Bofoakwa Tano is a Ghanaian association football club based in Sunyani in the Bono Region. The club is a member of the Ghana Premier League and play at Coronation Park.

==History==
Bofoakwa were first promoted to the top division in 1967. Despite finishing second-bottom in their first season, and bottom in their second season, they avoided relegation due to league restructuring, and in 1970 they managed a 6th-place finish. The 1972 season saw the club finish as runners-up to Asante Kotoko, and third place was achieved in 1974 and 1975, the club also winning the SWAG Cup in the latter season.

The club returned to the second tier after finishing bottom in 1979. They were promoted back to the top flight in 1982, but were relegated again in 1985.

The club reappeared in the top division in 1989–90, by which time the league had switched to winter.
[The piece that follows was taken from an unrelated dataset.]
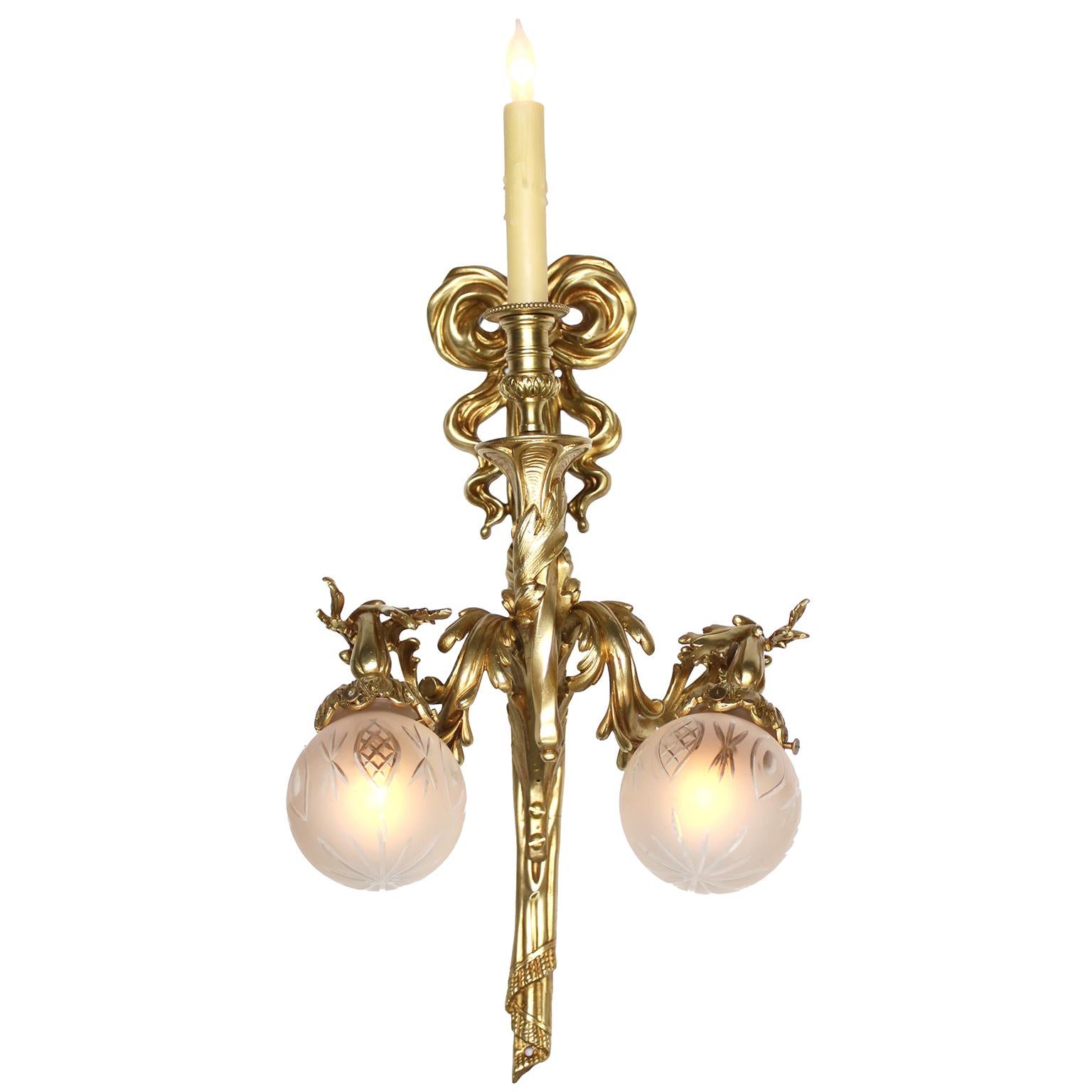 Paire d'appliques murales à trois lumières en bronze doré et verre soufflé de la Belle Époque. Ces élégantes appliques murales sont dotées chacune d'une paire de bras de lumière à volutes d'acanthe et de fleurs et d'une paire d'abat-jour en verre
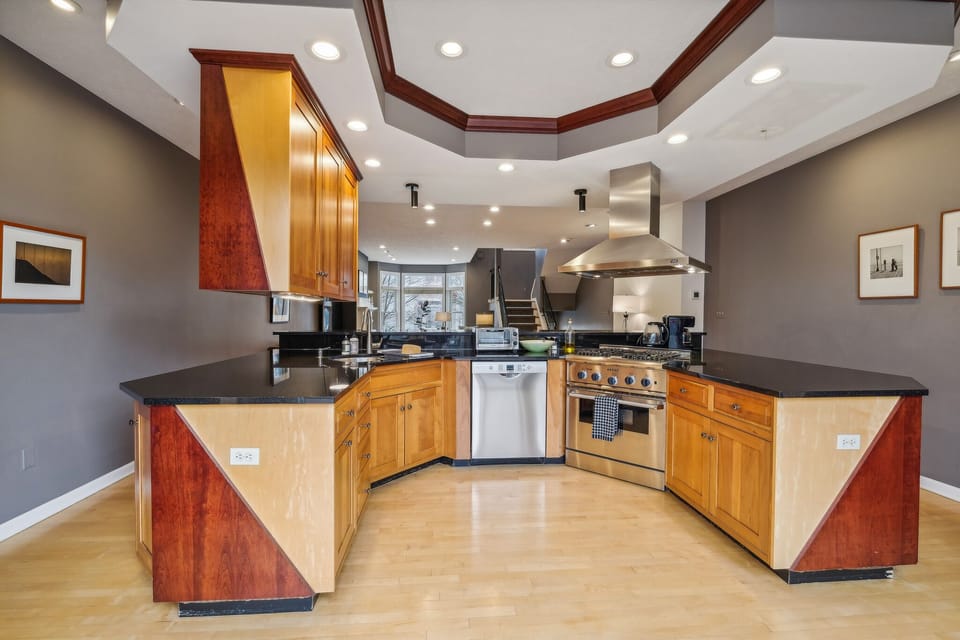 Modern kitchen with Thermador stove/oven, Bosch fridge and dishwasher.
They were relegated again in 1990–91, promoted back in 1994–95, relegated in 1996–97, promoted in 1997–98. In 1999 they finished third from bottom, but avoided another relegation by winning a play-off. However, they were relegated again in 2006–07.

At the end of the 2022–23 season Bofoakwa were again promoted to the Ghana Premier League after beating Techiman Eleven Wonders in the Division One playoff final.